In fact, the EAF role is seen by many in his homeland as a footstool to the greater prize of leading his nation as Prime Minister in the future. Haile wasted no time demonstrating his statesmanship in his short but powerful delivery on stage.

“I did not expect to come here and say few words since there is a lot to say,” the four-time World and World Indoor champion started.

“I’m honoured to be here with you, it is very important for Kenyan sport to be honoured.

“I would like to applaud Kenyans for making this happen,” Haile said of the Soya Awards that are a brainchild of his best friend outside competition and the fiercest rival on it, Paul Tergat.

“It is good to end a season and then come here and become a sports personality of the year. For those who do not win, it gives them motivation to fight next year. That is the importance of these awards,” he added.

Despite retiring from the sport after the 2015 Great Manchester Run, the competitive streak that saw him dish heartache to the best Kenya and the world had to offer in his heyday was still evident.

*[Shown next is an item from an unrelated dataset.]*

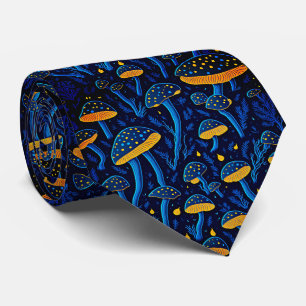 Retro Psychedelic Mushroom Pattern Neck Tie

“We don’t have such awards in Ethiopia but we have the biggest road race in Africa, the Great Ethiopia Run.

“When I go back home, we shall see whether we can do our own ceremony,” Haile said gazing at Tergat who nodded with approval.

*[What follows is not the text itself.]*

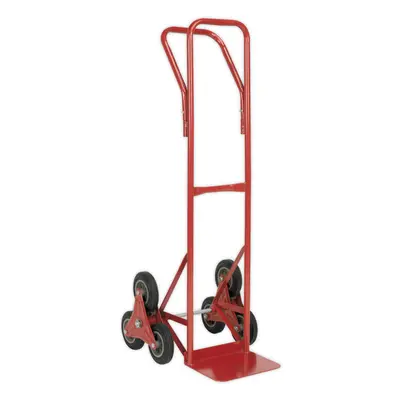 150Kg Stair Climbing Sack Truck & Solid Tyres - Deep Foot For Larger Boxes - RED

“I’m very surprised that these awards are so big. It means a lot for Africa and the whole world and we have all sports represented here, not only athletics.”

Tergat, who won silver when Haile took the gold at Atlanta 1996 and Sydney 2000 Olympics Games, runs the annual Baringo Half Marathon.

However, it pales in comparison to the Great Ethiopian Run that last year featured 37,000 participants, 500 elite runners and several hundred fun athletes.

 Haile, who remains devoted to running daily despite his heavy schedule as EAF leader, businessman and ambassador, told his Kenyan rivals he was not done with them yet.

“I miss competing with you guys but don’t worry, I’m preparing someone to come and compete with you. I’m a founder of the biggest race in Africa and from there; I know the next one will come.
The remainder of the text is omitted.